## What is required
Please retype every entry as written, and keep the pictures out.

[Records contained in a dataset]

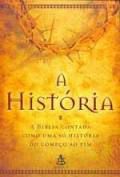 Livro a História - a Bíblia Contada Como Uma Só História do Começo ao Fim Autor Vários Autores (2009) [usado]
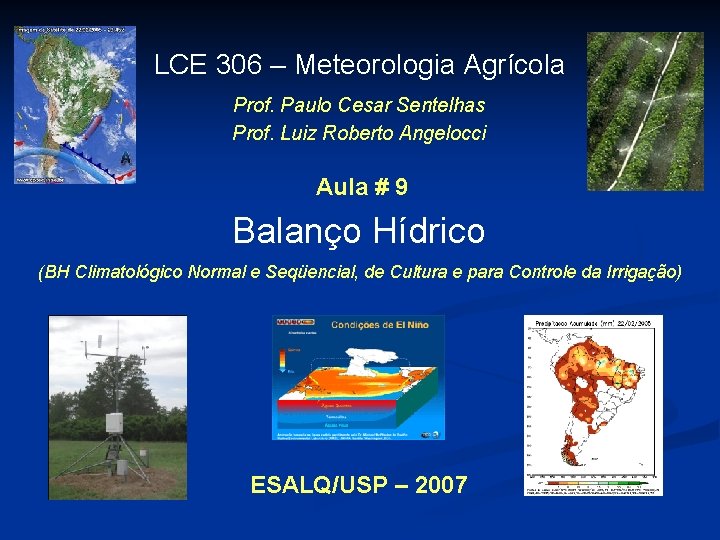 LCE 306 – Meteorologia Agrícola Prof. Paulo Cesar Sentelhas Prof. Luiz Roberto Angelocci Aula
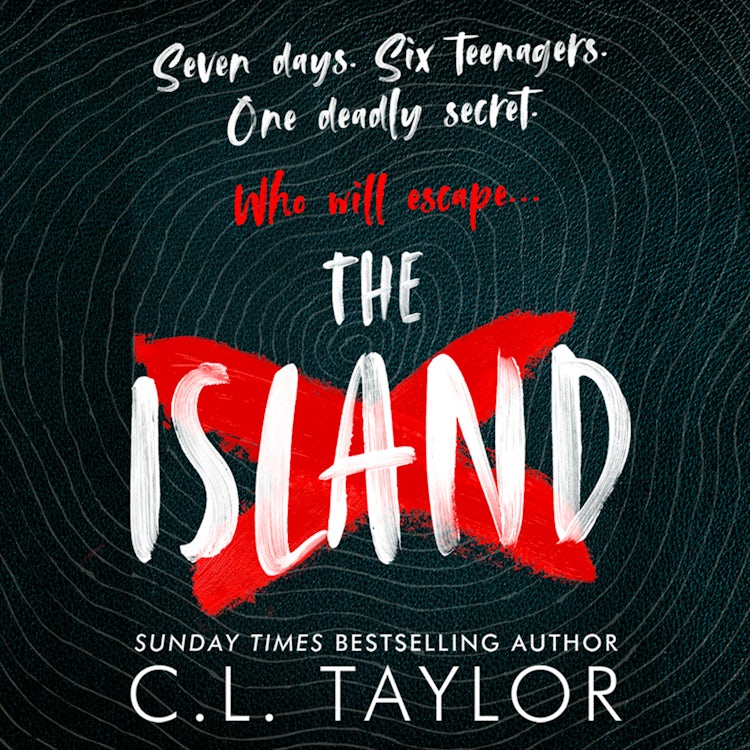 Cover image for The Island: The addictive new YA thriller from the Sunday Times bestselling author of THE GUILTY COUPLE, isbn: 9780008240622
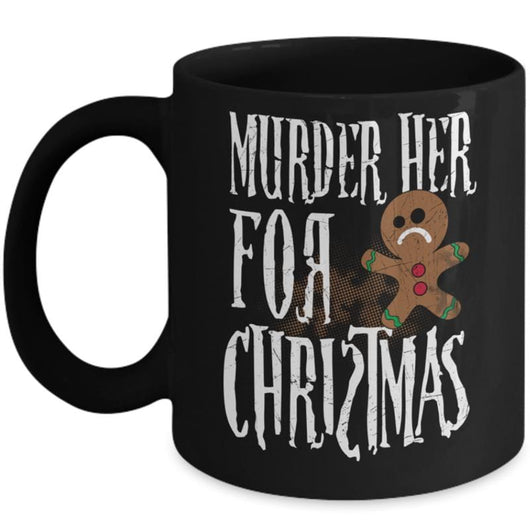 Murder Her Christmas Novelty Mug, mugs - Daily Offers And Steals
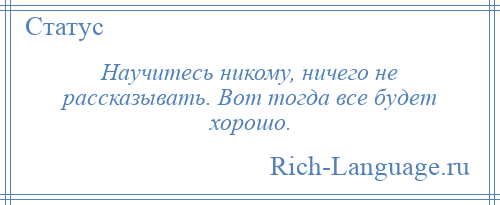 
    Научитесь никому, ничего не рассказывать. Вот тогда все будет хорошо.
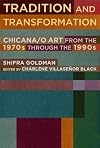 Tradition and transformation : Chicana/o art from the 1970s through the 1990s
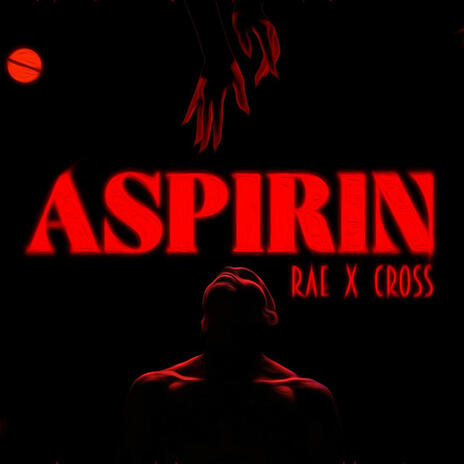 Aspirin ft. Cross | Boomplay Music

## Expected output
 Livro a História - a Bíblia Contada Como Uma Só História do Começo ao Fim Autor Vários Autores (2009) [usado]
 LCE 306 – Meteorologia Agrícola Prof. Paulo Cesar Sentelhas Prof. Luiz Roberto Angelocci Aula
 Cover image for The Island: The addictive new YA thriller from the Sunday Times bestselling author of THE GUILTY COUPLE, isbn: 9780008240622
 Murder Her Christmas Novelty Mug, mugs - Daily Offers And Steals
    Научитесь никому, ничего не рассказывать. Вот тогда все будет хорошо.
 Tradition and transformation : Chicana/o art from the 1970s through the 1990s
 Aspirin ft. Cross | Boomplay Music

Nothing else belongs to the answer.